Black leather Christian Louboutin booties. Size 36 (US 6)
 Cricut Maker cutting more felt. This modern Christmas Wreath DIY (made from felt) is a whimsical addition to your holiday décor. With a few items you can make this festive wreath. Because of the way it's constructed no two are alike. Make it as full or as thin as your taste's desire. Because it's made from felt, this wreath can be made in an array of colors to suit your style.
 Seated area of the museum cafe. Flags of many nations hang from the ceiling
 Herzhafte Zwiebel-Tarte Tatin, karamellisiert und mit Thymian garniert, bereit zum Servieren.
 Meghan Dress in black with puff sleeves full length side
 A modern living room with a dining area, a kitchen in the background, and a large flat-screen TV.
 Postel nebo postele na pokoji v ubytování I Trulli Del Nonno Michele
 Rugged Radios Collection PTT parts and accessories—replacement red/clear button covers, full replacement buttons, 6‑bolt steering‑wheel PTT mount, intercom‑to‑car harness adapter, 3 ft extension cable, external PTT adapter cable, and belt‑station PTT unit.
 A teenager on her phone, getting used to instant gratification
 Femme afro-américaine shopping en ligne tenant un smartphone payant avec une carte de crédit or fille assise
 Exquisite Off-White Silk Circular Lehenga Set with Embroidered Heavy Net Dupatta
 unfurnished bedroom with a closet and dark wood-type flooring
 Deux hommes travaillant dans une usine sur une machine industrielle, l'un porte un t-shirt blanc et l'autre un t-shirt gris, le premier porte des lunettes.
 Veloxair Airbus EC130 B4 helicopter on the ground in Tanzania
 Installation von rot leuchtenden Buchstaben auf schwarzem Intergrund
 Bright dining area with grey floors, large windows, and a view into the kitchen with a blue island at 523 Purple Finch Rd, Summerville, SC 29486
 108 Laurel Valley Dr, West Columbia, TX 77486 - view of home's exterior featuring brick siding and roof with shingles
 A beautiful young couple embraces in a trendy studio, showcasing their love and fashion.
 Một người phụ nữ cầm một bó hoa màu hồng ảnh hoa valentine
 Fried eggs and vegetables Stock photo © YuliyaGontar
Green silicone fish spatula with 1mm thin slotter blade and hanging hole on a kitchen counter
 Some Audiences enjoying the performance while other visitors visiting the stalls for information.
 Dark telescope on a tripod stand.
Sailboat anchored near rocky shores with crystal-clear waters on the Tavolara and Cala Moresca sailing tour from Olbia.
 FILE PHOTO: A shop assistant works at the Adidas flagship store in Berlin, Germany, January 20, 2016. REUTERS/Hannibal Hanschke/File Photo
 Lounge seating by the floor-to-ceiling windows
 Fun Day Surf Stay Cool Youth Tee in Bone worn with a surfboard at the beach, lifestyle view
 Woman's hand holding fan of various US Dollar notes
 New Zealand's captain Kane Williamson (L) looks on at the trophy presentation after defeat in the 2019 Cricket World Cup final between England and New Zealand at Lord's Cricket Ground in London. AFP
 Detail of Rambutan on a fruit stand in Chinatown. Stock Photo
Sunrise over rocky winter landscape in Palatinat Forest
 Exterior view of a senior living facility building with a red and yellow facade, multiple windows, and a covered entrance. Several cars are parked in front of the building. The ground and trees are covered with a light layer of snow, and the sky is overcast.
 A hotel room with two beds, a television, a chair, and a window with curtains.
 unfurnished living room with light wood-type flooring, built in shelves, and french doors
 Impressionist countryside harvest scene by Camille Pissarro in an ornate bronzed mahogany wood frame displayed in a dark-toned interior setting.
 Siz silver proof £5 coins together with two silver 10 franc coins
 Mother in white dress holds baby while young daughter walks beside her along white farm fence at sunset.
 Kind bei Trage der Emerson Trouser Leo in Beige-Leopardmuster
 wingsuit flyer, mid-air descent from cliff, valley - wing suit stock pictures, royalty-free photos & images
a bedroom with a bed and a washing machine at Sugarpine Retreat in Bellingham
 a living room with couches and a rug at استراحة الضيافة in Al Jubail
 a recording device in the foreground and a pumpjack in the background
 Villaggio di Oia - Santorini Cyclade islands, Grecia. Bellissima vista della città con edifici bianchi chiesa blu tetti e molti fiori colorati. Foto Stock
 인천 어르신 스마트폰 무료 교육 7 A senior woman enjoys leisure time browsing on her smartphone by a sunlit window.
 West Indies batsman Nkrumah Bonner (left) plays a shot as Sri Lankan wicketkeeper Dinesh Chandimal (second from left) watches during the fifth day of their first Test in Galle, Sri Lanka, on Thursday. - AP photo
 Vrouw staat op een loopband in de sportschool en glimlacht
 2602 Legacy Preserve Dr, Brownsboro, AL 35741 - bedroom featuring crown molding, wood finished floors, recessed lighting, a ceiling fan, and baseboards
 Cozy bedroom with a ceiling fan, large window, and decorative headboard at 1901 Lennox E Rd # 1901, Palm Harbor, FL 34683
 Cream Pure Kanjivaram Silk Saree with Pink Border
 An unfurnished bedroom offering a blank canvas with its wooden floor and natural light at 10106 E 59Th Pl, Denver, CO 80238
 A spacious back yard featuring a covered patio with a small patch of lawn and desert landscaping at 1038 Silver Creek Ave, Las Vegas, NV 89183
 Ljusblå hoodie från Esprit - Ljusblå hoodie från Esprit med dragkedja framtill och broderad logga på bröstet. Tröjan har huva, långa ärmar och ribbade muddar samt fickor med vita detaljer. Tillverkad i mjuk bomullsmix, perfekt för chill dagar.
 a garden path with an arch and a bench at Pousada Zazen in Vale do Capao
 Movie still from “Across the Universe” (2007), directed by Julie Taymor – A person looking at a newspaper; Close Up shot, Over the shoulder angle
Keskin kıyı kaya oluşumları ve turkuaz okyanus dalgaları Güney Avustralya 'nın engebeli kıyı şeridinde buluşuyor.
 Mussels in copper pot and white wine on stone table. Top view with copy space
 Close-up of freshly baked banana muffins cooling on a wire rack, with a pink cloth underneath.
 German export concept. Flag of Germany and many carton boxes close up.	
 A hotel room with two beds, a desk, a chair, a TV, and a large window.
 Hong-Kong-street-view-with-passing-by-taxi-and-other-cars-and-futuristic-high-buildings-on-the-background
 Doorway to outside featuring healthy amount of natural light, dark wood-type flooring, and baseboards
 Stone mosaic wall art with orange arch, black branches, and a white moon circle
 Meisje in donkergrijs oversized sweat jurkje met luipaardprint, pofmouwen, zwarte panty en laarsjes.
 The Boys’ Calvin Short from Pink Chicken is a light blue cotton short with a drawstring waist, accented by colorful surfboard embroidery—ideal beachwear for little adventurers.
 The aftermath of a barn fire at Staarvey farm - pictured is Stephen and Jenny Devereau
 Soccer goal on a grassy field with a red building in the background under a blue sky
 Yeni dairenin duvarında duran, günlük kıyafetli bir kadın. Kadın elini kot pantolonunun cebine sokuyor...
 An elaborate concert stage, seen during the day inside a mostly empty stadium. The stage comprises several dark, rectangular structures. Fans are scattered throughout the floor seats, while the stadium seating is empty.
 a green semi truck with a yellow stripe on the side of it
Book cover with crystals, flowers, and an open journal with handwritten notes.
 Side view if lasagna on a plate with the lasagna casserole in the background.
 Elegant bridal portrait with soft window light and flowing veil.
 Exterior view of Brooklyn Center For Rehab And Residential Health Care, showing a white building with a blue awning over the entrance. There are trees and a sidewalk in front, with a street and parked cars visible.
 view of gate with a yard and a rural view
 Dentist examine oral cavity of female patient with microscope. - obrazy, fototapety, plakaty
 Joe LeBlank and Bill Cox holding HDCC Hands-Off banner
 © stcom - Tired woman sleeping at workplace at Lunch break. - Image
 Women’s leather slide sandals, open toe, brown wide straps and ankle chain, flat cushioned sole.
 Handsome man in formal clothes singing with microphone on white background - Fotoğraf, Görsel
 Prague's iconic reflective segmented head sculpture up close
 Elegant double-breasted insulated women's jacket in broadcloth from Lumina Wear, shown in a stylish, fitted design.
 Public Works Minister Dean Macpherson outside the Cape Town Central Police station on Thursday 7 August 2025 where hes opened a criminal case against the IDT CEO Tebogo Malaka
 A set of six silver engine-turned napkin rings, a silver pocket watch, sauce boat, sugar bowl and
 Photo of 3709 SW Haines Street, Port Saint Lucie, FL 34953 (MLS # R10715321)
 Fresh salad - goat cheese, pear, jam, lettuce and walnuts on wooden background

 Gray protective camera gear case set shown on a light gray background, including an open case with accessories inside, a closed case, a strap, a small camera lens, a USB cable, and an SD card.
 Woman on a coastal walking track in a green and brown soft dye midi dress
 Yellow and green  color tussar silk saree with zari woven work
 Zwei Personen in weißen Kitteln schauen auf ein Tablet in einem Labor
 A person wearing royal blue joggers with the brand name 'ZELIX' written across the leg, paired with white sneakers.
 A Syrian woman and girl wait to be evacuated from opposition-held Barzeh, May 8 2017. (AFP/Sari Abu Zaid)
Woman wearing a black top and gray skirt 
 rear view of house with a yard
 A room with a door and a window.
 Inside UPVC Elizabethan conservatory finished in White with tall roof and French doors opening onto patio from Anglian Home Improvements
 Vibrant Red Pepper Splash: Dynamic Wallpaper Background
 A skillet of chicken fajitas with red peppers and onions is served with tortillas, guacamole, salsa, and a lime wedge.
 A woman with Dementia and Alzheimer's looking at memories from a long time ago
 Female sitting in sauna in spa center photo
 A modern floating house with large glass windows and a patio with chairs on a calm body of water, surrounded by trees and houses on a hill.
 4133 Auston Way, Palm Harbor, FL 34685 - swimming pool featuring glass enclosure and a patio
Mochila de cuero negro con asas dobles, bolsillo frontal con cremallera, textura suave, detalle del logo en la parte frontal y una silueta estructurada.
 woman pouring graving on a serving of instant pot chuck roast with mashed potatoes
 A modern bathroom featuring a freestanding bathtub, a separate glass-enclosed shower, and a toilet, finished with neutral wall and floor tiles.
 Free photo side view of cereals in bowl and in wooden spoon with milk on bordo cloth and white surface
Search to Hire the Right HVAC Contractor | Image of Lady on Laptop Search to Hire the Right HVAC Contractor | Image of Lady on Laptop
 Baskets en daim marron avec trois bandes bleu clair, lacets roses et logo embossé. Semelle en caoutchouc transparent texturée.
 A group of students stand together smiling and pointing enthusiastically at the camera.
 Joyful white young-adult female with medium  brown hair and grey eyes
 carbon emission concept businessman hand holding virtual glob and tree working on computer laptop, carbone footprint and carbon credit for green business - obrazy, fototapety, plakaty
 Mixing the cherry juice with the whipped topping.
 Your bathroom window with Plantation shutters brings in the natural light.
====
The problem: All lines from the one that holds "A group of students" through the end of the records are to be returned exactly, including both boundary lines, and no others.

Exercise result:
 A group of students stand together smiling and pointing enthusiastically at the camera.
 Joyful white young-adult female with medium  brown hair and grey eyes
 carbon emission concept businessman hand holding virtual glob and tree working on computer laptop, carbone footprint and carbon credit for green business - obrazy, fototapety, plakaty
 Mixing the cherry juice with the whipped topping.
 Your bathroom window with Plantation shutters brings in the natural light.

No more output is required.